A specialist in Jewish historical cuisine, Wasserman has taught cooking for 41 years and is trained in education and nutrition. Once “Chef Fields” at Marshall Field’s department store in Dallas, she introduced thousands of residents to prominent chefs and restaurateurs at the store’s weekly cooking school.
In 1994, Wasserman was elected to Les Dames d’Escoffier, an international culinary society that honors women in the food and beverage industry.

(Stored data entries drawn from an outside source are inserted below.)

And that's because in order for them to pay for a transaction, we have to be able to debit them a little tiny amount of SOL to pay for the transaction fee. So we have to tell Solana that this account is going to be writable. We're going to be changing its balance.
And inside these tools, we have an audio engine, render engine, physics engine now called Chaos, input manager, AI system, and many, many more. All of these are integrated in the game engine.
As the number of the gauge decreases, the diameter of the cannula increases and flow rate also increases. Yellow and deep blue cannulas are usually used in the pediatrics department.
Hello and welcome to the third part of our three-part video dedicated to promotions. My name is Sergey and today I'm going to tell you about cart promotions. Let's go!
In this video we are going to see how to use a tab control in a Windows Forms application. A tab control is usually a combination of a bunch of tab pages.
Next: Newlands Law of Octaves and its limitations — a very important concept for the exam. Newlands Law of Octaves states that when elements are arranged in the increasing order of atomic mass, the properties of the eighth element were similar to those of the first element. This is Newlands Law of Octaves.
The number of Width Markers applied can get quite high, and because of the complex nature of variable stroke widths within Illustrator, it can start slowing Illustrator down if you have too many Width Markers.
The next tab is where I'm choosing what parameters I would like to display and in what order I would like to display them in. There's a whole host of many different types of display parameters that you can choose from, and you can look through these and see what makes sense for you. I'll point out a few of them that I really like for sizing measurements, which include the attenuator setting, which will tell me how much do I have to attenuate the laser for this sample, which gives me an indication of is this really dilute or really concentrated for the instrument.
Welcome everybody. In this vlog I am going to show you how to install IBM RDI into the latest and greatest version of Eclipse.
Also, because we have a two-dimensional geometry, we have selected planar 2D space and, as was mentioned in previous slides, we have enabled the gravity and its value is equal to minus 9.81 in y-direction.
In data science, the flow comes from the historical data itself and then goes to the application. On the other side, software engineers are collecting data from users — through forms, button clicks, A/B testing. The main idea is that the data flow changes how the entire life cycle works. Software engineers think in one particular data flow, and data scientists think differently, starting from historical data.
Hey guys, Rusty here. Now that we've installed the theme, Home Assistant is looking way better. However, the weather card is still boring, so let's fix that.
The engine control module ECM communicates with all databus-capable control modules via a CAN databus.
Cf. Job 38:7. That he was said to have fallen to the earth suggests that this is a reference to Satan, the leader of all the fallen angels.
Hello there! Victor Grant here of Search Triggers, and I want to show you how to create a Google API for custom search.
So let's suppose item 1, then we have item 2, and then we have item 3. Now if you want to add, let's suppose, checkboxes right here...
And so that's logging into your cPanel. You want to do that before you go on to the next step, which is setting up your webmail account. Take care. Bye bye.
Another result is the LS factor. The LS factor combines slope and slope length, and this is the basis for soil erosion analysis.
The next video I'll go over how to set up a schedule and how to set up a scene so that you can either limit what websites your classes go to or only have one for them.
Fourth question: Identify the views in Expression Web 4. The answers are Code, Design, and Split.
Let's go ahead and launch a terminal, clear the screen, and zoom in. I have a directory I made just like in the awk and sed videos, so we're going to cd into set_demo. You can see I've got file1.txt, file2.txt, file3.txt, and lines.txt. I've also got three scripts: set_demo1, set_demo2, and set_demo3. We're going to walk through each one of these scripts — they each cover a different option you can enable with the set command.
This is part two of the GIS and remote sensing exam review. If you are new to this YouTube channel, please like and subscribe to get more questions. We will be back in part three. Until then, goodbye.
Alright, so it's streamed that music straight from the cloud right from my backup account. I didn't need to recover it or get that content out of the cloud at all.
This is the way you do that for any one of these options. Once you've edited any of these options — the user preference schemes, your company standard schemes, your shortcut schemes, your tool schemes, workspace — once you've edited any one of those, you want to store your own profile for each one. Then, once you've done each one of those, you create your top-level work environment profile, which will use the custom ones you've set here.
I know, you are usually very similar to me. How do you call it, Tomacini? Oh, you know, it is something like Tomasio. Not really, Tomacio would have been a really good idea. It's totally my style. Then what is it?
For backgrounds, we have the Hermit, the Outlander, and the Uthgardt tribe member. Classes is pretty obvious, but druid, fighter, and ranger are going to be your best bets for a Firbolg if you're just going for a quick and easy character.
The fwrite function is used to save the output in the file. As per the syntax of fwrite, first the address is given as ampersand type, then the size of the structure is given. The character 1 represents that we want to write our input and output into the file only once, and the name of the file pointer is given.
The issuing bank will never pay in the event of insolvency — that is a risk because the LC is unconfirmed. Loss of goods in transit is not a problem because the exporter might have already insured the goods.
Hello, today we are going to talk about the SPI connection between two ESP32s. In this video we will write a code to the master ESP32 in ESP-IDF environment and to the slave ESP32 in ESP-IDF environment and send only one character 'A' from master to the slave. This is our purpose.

The stories presented in Entree to Judaism, which touch upon every part of the world in which Jews have lived, are designed, the author said, “to give a connection to either family history or a sense of connection to the Jewish Diaspora.”
‘I believe in tikun olam’
Among the topics Wasserman plans to cover at B’nai Shalom is the influence Jews have had on international cuisine, with an emphasis on the Sephardim, those who trace their roots to the Iberian peninsula.
The dispersion of the Jews expelled from Spain in 1492, said Wasserman, “had a significant effect on many cuisines.” In her book, she said, “I talk about what the Moors brought to Spain and what the Jews took with them. Many people don’t know there were about 200,000 Jews in Spain.”
Sicily, which was ruled by Spain, had 40,000 Jews who heavily influenced Italian cooking, she said. Although eggplant parmigiana is thought of as a quintessentially Italian dish, it was the Jews who introduced the eggplant to the Italians.
Jews also had a “significant hand” in spreading oranges throughout Europe and in the chocolate trade, since they were the ones who figured out how to process cocoa for shipment.
Some of the book’s recipes — like those in the southeastern Asia section — are not Jewish in their origins, but have a Jewish twist to them. While the Custard Inside Pumpkin is Thai in origin, said Wasserman, the recipe’s lack of any dairy ingredients is a nod to Sephardi tradition.
To make desserts pareve and therefore suitable to serve after a meat meal, she explained, “the Sephardim used coconut milk as their binding agent as opposed to milk or cream.”
All the recipes are accompanied by “Tina’s tidbits,” helpful hints gleaned from her decades of experience.
Wasserman said her teaching is part of her commitment to “repairing the world.”
“I do this because I believe in tikun olam,” she said. By learning about the traditions of the past, “we are able to connect to future generations who will grow up never hearing a Yiddish accent, who have no link to their French ancestry in Morocco.”